→ **WORK TO COMPLETE**: The lines needed are those from the start of the records through the line holding "necklace caustic Sortie", each copied exactly.

→ **DATASET CONTENT**:

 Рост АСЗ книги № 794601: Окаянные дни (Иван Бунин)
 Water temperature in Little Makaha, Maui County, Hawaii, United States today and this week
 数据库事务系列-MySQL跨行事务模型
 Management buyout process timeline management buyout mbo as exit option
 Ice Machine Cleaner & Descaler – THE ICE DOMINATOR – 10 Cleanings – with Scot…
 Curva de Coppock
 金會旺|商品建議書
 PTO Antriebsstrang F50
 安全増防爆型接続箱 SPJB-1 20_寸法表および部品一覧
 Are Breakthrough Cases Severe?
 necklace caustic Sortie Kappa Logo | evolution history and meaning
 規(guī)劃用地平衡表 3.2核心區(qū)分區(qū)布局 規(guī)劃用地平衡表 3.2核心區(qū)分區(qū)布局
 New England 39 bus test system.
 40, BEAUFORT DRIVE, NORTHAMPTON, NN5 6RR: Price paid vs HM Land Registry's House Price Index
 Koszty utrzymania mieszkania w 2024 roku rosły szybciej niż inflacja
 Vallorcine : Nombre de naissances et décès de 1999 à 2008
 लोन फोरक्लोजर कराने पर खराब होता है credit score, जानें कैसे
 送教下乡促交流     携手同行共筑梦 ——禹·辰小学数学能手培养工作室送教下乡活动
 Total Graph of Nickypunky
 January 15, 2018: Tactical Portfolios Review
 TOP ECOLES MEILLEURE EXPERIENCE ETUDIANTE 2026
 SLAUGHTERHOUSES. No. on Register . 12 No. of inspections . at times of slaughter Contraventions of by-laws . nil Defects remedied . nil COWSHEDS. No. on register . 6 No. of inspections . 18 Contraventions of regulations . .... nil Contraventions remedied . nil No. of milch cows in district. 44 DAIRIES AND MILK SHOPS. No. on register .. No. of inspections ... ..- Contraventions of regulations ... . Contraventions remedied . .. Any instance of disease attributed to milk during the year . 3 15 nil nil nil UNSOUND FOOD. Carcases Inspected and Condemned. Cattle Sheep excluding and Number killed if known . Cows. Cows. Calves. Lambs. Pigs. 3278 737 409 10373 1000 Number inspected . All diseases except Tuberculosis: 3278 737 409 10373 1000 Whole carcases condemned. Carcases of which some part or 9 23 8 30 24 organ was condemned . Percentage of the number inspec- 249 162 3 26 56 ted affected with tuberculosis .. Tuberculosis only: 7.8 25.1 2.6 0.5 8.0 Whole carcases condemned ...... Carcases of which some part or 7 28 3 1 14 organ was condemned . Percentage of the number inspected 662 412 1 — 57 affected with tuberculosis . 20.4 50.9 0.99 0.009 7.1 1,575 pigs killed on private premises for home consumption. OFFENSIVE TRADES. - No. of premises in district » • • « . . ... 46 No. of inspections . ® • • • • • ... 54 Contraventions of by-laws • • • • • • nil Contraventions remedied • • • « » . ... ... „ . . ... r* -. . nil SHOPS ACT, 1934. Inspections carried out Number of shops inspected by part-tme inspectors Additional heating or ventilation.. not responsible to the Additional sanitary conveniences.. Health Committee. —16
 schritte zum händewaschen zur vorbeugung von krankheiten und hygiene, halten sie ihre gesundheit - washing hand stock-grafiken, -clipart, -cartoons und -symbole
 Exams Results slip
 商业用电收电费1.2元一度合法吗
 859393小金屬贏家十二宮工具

→ **SOLUTION FOR THIS EXERCISE**:
 Рост АСЗ книги № 794601: Окаянные дни (Иван Бунин)
 Water temperature in Little Makaha, Maui County, Hawaii, United States today and this week
 数据库事务系列-MySQL跨行事务模型
 Management buyout process timeline management buyout mbo as exit option
 Ice Machine Cleaner & Descaler – THE ICE DOMINATOR – 10 Cleanings – with Scot…
 Curva de Coppock
 金會旺|商品建議書
 PTO Antriebsstrang F50
 安全増防爆型接続箱 SPJB-1 20_寸法表および部品一覧
 Are Breakthrough Cases Severe?
 necklace caustic Sortie Kappa Logo | evolution history and meaning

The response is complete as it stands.